Don't propagate `TraceeDied` errors when recording coverage

ranweiler commented 3 years ago

When recording coverage or input testing on Linux, we must always be prepared for any tracing operation to fail due to an unreported or not-yet-reported tracee task exit. Right now, we sometimes treat acceptable tracing errors as hard failures, or treat unacceptable task results as successful.

Current examples:

Not handled, but should be: https://github.com/microsoft/onefuzz/blob/aa4ed2893e3dcb656eab141c68af7dd377b48475/src/agent/coverage/src/block/linux.rs#L86
Handled correctly (but should maybe only log a warning): https://github.com/microsoft/onefuzz/blob/aa4ed2893e3dcb656eab141c68af7dd377b48475/src/agent/coverage/src/block/linux.rs#L108-L110

The call to Ptracer::wait() should change to look like the second case, because it internally may invoke ptrace(2) and fail with ESRCH due to tracee exit (it does more than just wait(2)).

However, in all the tasks which trace targets, we must take care to to identify cases where tracing failed logically, but the tracing functions did not literally return an error.

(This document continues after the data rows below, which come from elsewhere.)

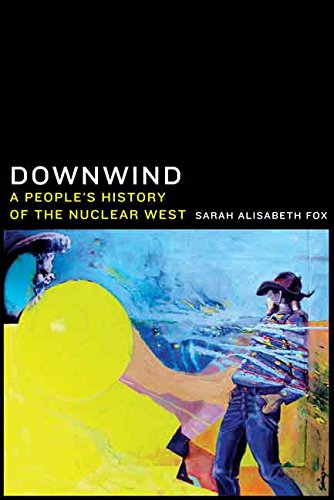 Downwind A Peoples History Of The Nuclear West Sarah Alisabeth Fox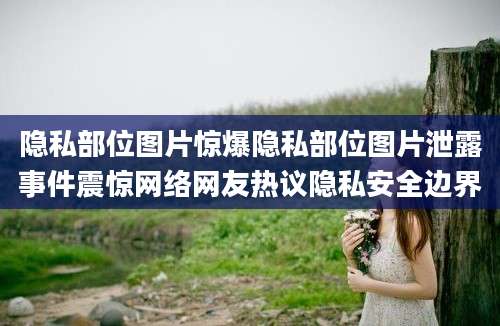 隐私部位图片惊爆隐私部位图片泄露事件震惊网络网友热议隐私安全边界
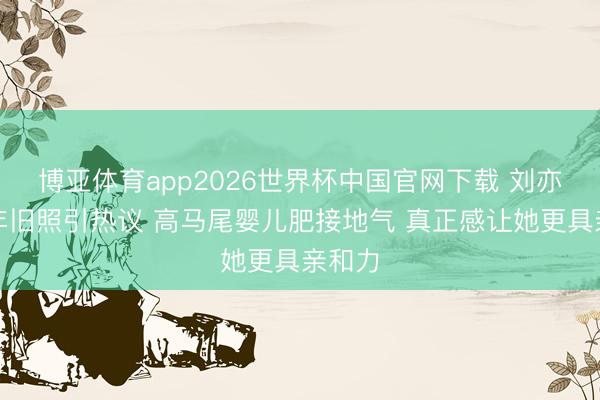 博亚体育app2026世界杯中国官网下载 刘亦菲早年旧照引热议 高马尾婴儿肥接地气 真正感让她更具亲和力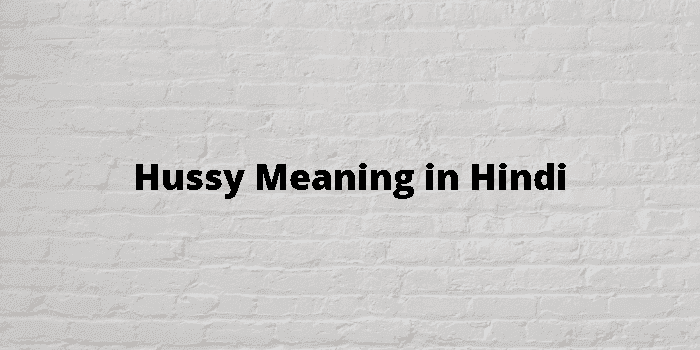 hussy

This can be checked heuristically by e.g. ensuring recorded coverage is nonzero, ensuring that at least one tracee process was created / some syscalls were invoked, &c.

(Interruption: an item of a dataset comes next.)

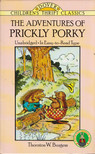 Thornton W. Burgess - The Adventures of Prickly Porky [antikvár]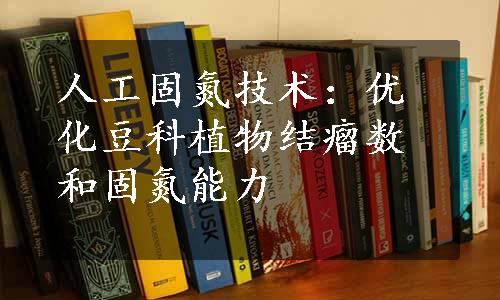 人工固氮技术：优化豆科植物结瘤数和固氮能力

Note that pete now returns a TraceeDied variant in the exact cases where we only want to warn on error, then continue and validate that task results were nontrivial.

AB#35975

mgreisen commented 1 year ago

@ranweiler, is this still an issue?

ranweiler commented 1 year ago

@mgreisen, for context, this is a Linux-only edge case that is currently mitigated by retries, but it still valid.

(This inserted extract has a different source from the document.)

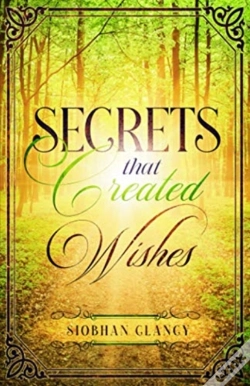 Capa do artigo Secrets That Created Wishes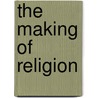 The Making Of Religion door Lang Andrew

For OneFuzz to hit this, for a single input, a (Linux) task would have to repeatedly have to have its target tracee killed by an external process while it is in a ptrace-stop state. In the context of OneFuzz, this should never happen.

The improvement we can make is, when wait()-ing on ptrace stops here, check to see if the error variant is TraceeDied, and return Ok(()) if so. Otherwise, propagate the error.

I'll re-assign this to myself to implement that change.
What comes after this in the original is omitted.